Re: a question re online personals
3rdworldwm
Regular Contributor
3rdworldwm

Again you make judgment too quickly. I happen to know lots of single mother have similar stories as mine behind them. Do you know all the stories behind single mother to have that conclusion? God bless your girlfriend, she must be an angel.

Message Edited by 3rdworldwm on 08-30-2006 03:01 PM

08-30-2006 02:52 PM

Re: a question re online personals
moneyneversleep
Regular Contributor
moneyneversleep

Most single mothers are that way by choice, and did not marry.

08-30-2006 02:56 PM

Re: a question re online personals
Isis
Contributor
Isis

moneyneversleep wrote:
Most single mothers are that way by choice, and did not marry.

I have no idea if this is true or not. However, even if it is true, why does it give you license to assume it is true for every single mother you encounter? Why does it give you license to make unproductive and stupid conclusions about them and to behave in a childish and vituperative manner?

This all says alot more about you than it does about 3rdwldwm, or single mothers.

08-30-2006 03:05 PM

Re: a question re online personals
moneyneversleep
Regular Contributor
moneyneversleep

A smart man does not marry single mothers.  He does not marry someone else’s problems.  No, it says a lot about your attitude which does not hold women accountable for their decision and choices in life.

08-30-2006 03:19 PM

Re: a question re online personals
3rdworldwm
Regular Contributor
3rdworldwm

Isis, go and read some of the best the posts in “Ladies, your anger is misdirected” , don’t waste time with him anymore.

08-30-2006 04:46 PM

Re: a question re online personals
zacharias
Regular Contributor
zacharias

Isis wrote:

It completely flummoxes me that someone would be so willing to say such ugly things to someone he doesn’t even know.

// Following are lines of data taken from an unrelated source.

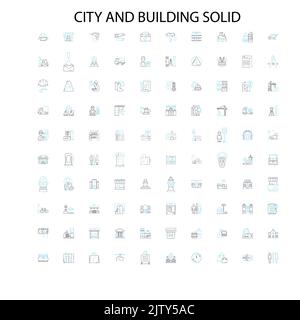 ville et bâtiment solides icônes, signes, contours symboles, concept linéaire illustration collection de lignes Illustration de Vecteur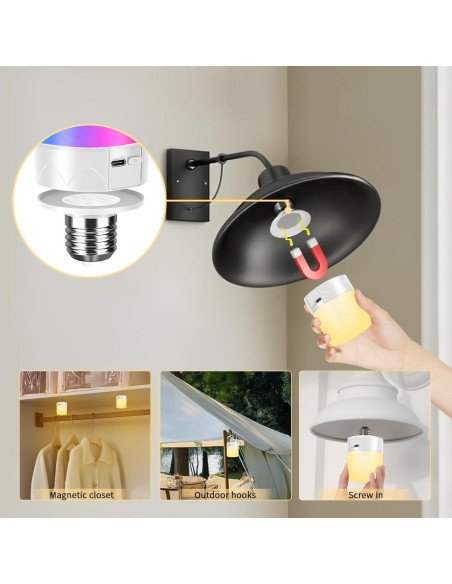 Bombilla Recargable E26 SijiMingyue 9W RGB con Control Remoto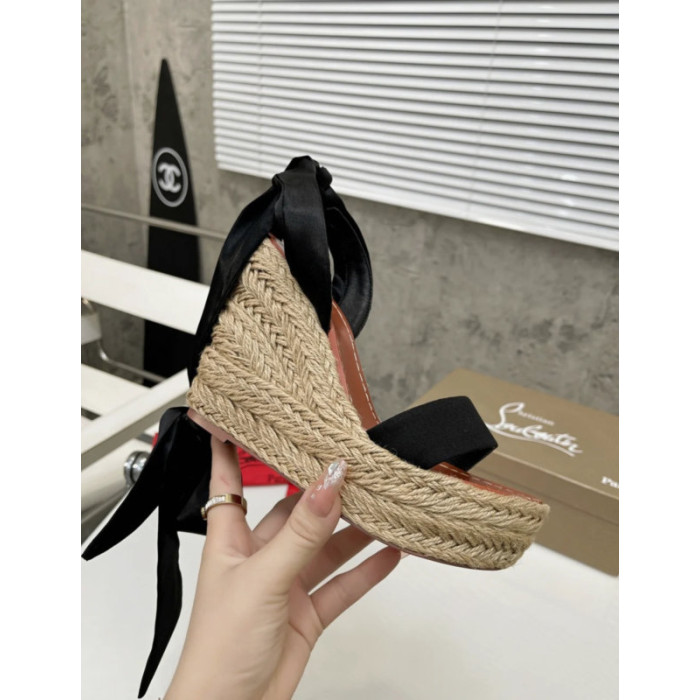 Christian Louboutin Black Textile 120mm heel Wedge Ankle‑Wrap Espadrille Sandal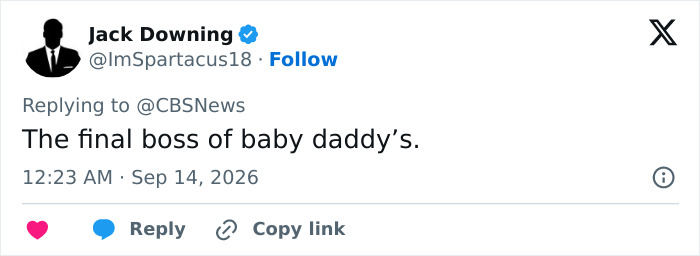A social media post humorously labeling a single dad The final boss of baby daddy's, reacting to the surrogate baby truth.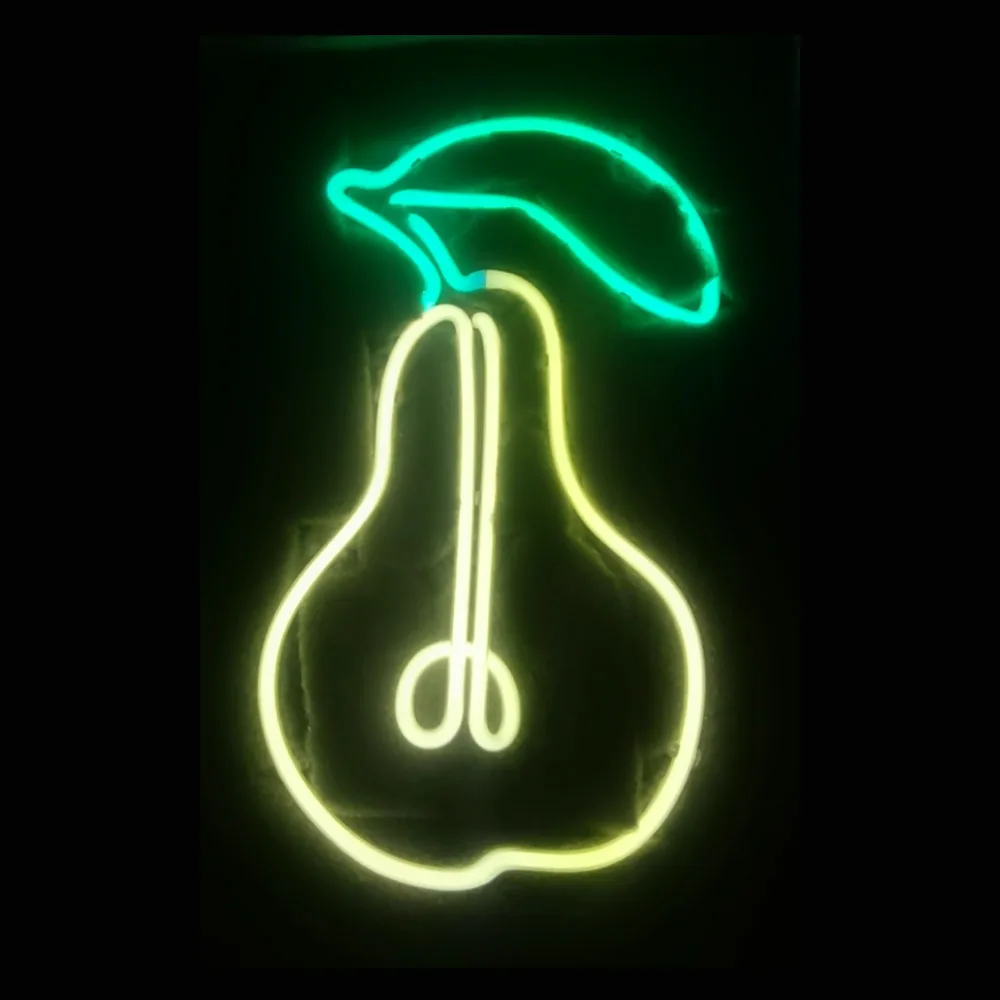 Glowing Pear Fruit Food Neon Sign Lamp Custom Handmade Real Glass Tube Store Home Deco Advertise Display Light Child Gift 8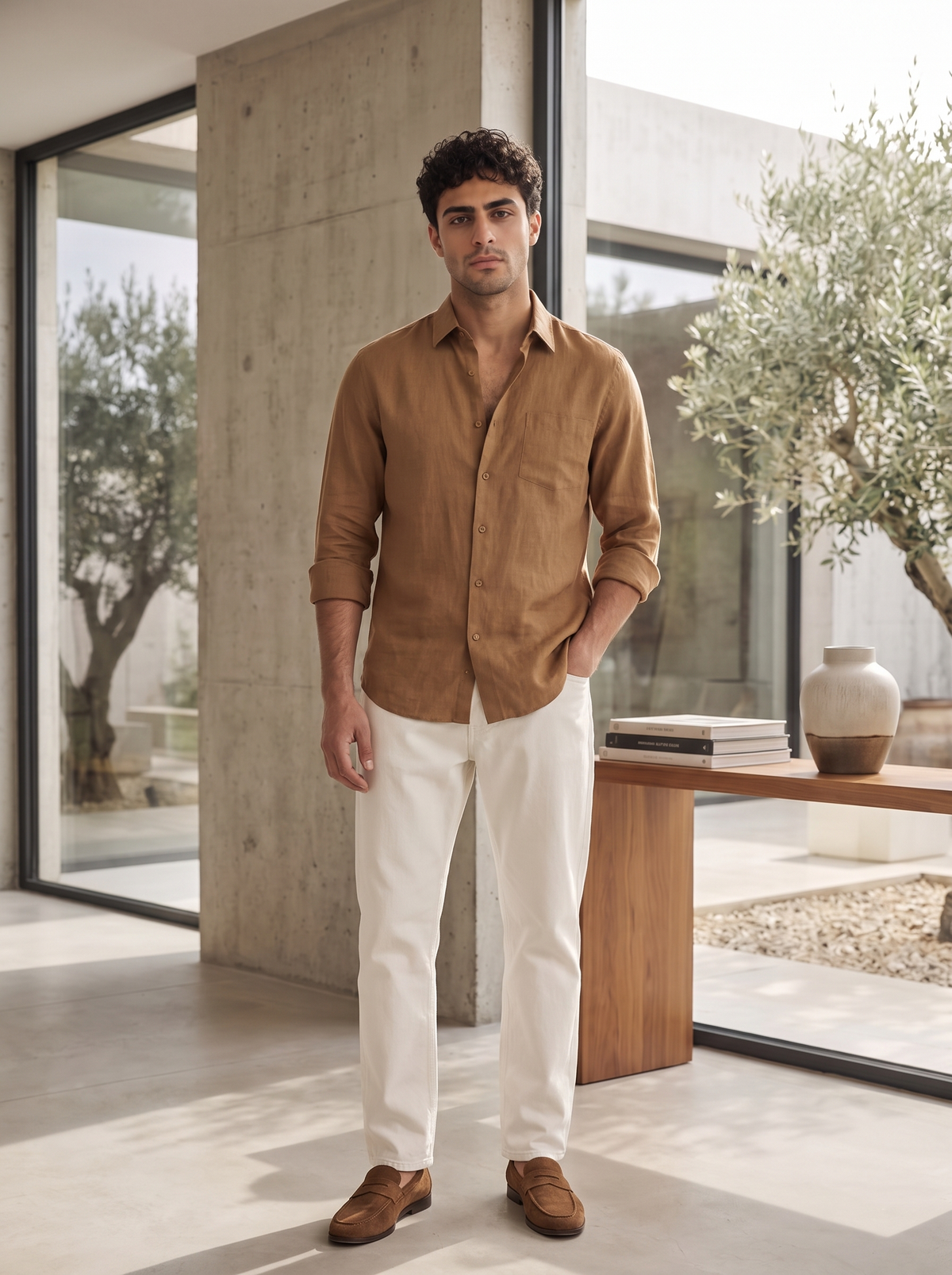 Rust Linen Shirt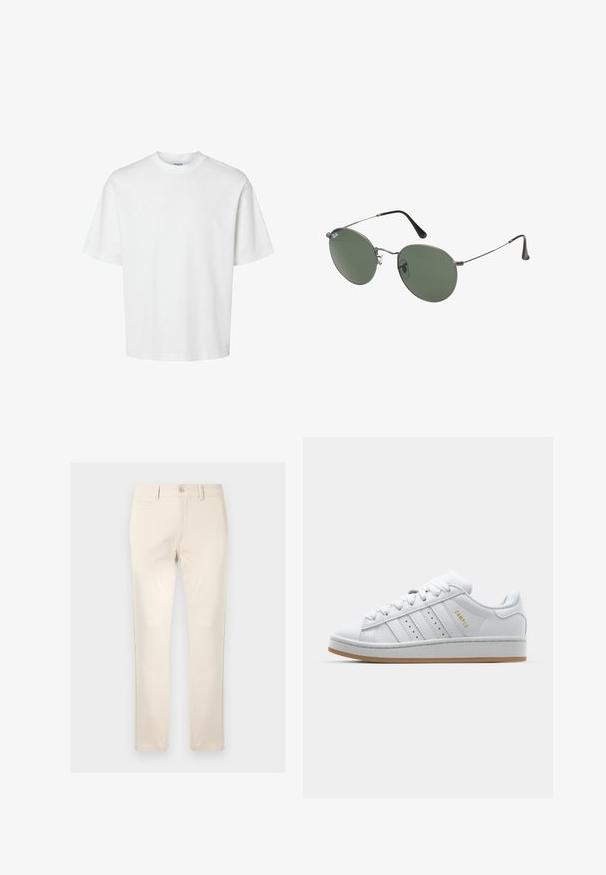 Bílý bavlněný tričko s krátkými rukávy, klasickým kulatým výstřihem a volným střihem. Hladká textura bez viditelných vzorů nebo akcentů.; Béžové bavlněné kalhoty s rovnou siluetou, mají jednu přední kapsu, zapínání na knoflík a jemné detaily šití.; Bílé tenisky s perforovaným designem tří pruhů, texturovanými detaily, gumovou podrážkou a zlatým logem "CAMPUS" po straně.; Sluneční brýle s kovovým rámem a oválnými zelenými skly. Tenký stříbrný kovový rám a černé chrániče uší. Minimalistický design, žádné viditelné logo.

3rdworldwm has been polite and thoughtful in all of her responses. Why would you say such horrible things?

Thank God for Feminism, that women can earn their own way, and don’t have to worry about being economically tied to such vindictive, hateful people.

I second that, Isis. It is truly sad that the outcome of “liberation” has turned out to be such hatred between men and women. At one time, I used to believe that men and women had so much to offer each other. Now, it seems that mostly what they do is take out their past wounds on others and create new wounds to drive men and women apart.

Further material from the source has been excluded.